**What is required**
I would like the line with "7326 Poston Way, Boulder, CO 80301 photo 13" and every line after it, down to the end of the entries below, output exactly and without pictures.

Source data
──────────

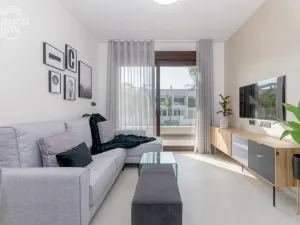 Prodej rodinného domu, Torrevieja, Alicante, Španělsko, 70 m2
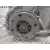 Culatin para Ford Tourneo Connect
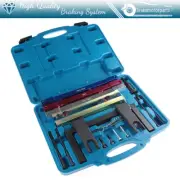 Camshaft Timing Locking Tool Alignment For BMW N51 N52 N53 N54 N55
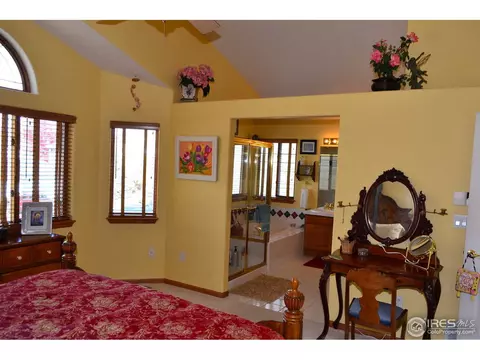 7326 Poston Way, Boulder, CO 80301 photo 13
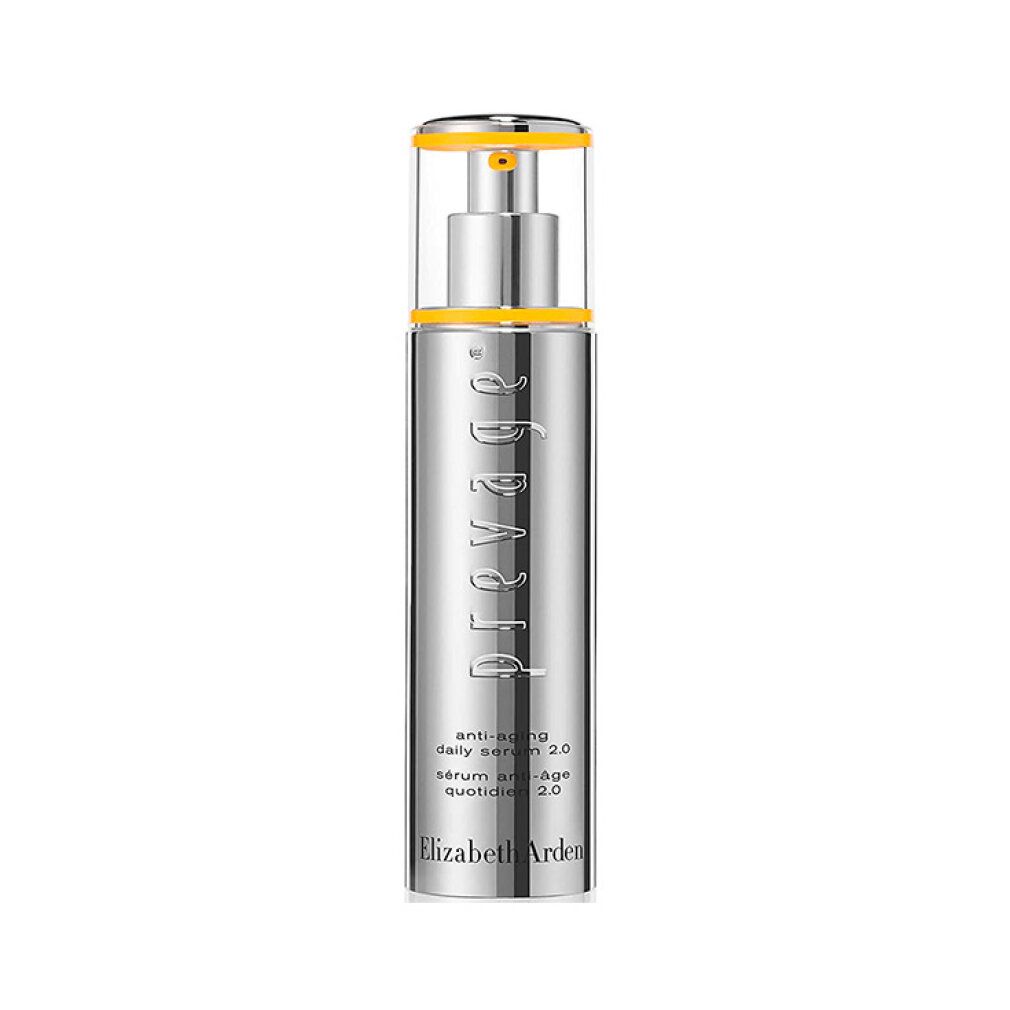 Elizabeth Arden Prevage Serum Anti-Edad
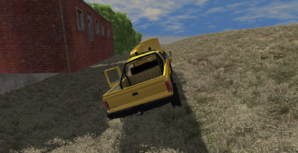 screenshot_00094.png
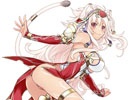 iOS/Android「ブレイブソード×ブレイズソウル」24時間限定製造フェス「魔王祭・雫」が開催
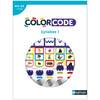 COLORCODE - SYLLABES 1
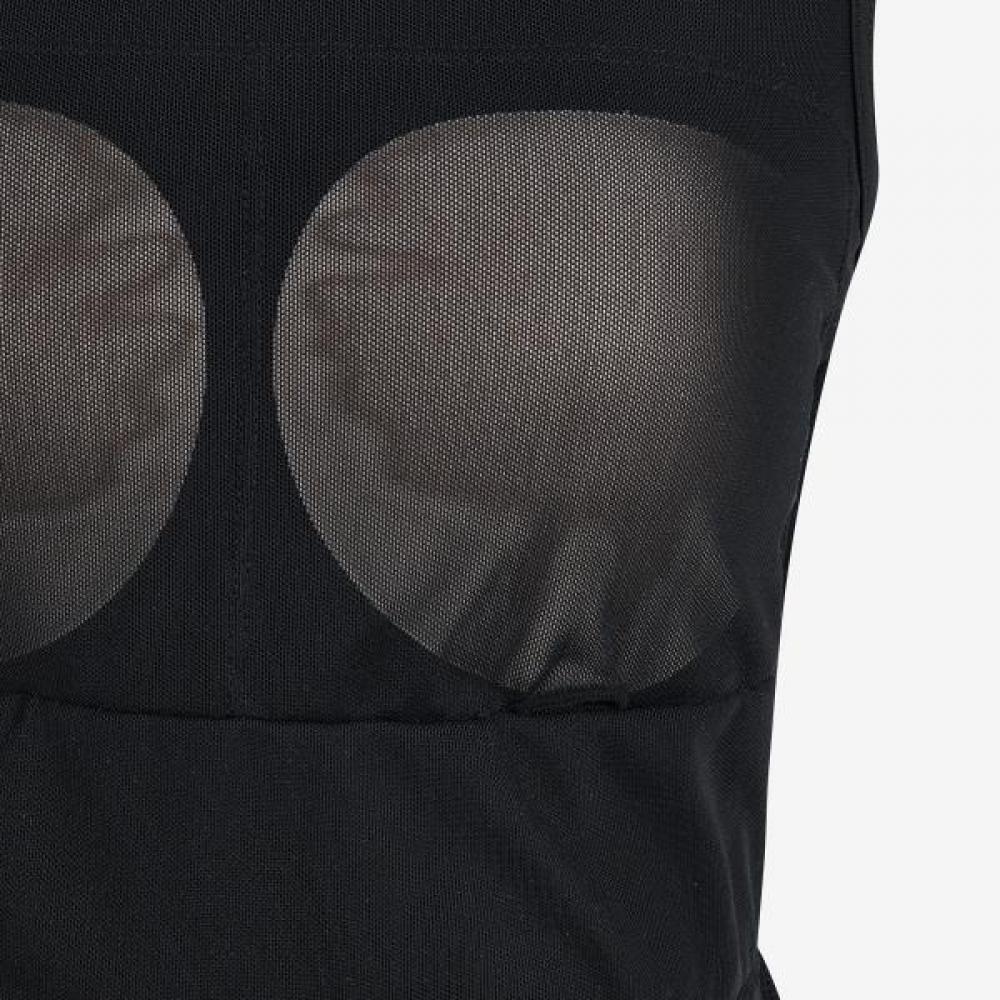 Fila Tennis Match Dress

──────────

**Output for this task**
 7326 Poston Way, Boulder, CO 80301 photo 13
 Elizabeth Arden Prevage Serum Anti-Edad
 screenshot_00094.png
 iOS/Android「ブレイブソード×ブレイズソウル」24時間限定製造フェス「魔王祭・雫」が開催
 COLORCODE - SYLLABES 1
 Fila Tennis Match Dress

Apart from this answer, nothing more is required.